» EXERCISE:
Lower down are entries containing pictures. Copy exactly, without those pictures, the lines from the line with "幼儿脖子上白癜风，怎么治疗恢复如初？" through the line with "Sisense Pulse uses".

» SUPPLIED DATA:
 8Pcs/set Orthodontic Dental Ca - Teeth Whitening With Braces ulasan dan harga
...
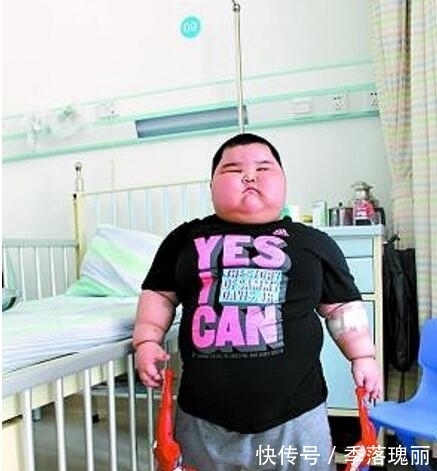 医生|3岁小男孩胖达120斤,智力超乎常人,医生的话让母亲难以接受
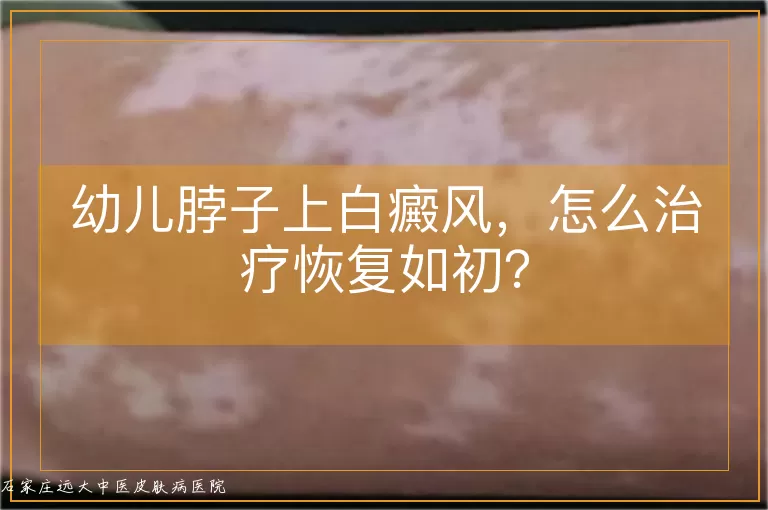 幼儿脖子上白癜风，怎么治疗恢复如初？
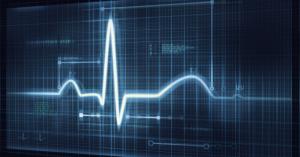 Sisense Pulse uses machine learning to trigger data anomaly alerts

» SOLUTION:
 幼儿脖子上白癜风，怎么治疗恢复如初？
 Sisense Pulse uses machine learning to trigger data anomaly alerts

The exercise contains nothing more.